## EXERCISE DESCRIPTION
Quote every line below exactly and skip any picture.

*****

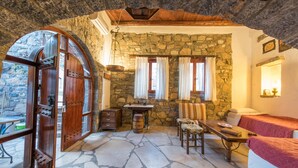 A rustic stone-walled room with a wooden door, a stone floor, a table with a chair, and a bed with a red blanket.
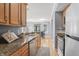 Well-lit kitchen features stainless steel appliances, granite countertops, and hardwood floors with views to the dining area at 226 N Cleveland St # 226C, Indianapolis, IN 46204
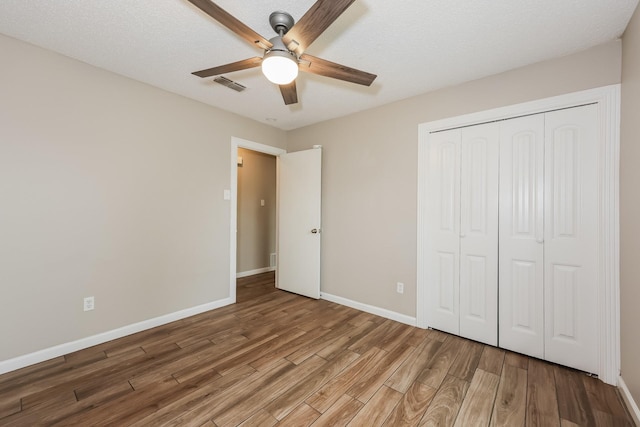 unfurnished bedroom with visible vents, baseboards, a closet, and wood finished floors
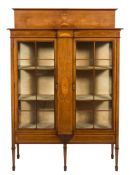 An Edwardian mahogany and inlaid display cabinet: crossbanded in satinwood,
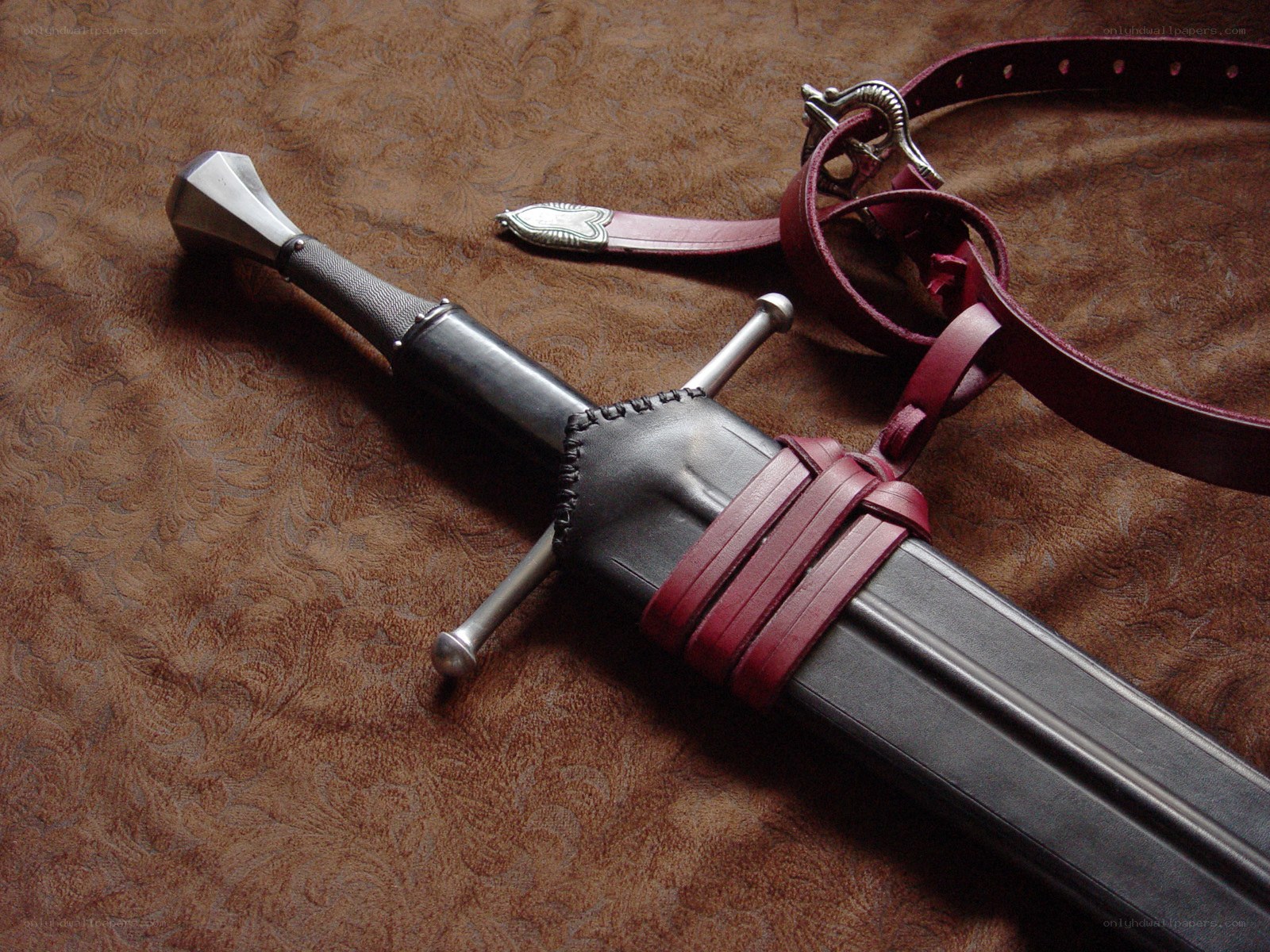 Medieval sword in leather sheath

*****

## RESPONSE FOR THIS EXERCISE
 A rustic stone-walled room with a wooden door, a stone floor, a table with a chair, and a bed with a red blanket.
 Well-lit kitchen features stainless steel appliances, granite countertops, and hardwood floors with views to the dining area at 226 N Cleveland St # 226C, Indianapolis, IN 46204
 unfurnished bedroom with visible vents, baseboards, a closet, and wood finished floors
 An Edwardian mahogany and inlaid display cabinet: crossbanded in satinwood,
 Medieval sword in leather sheath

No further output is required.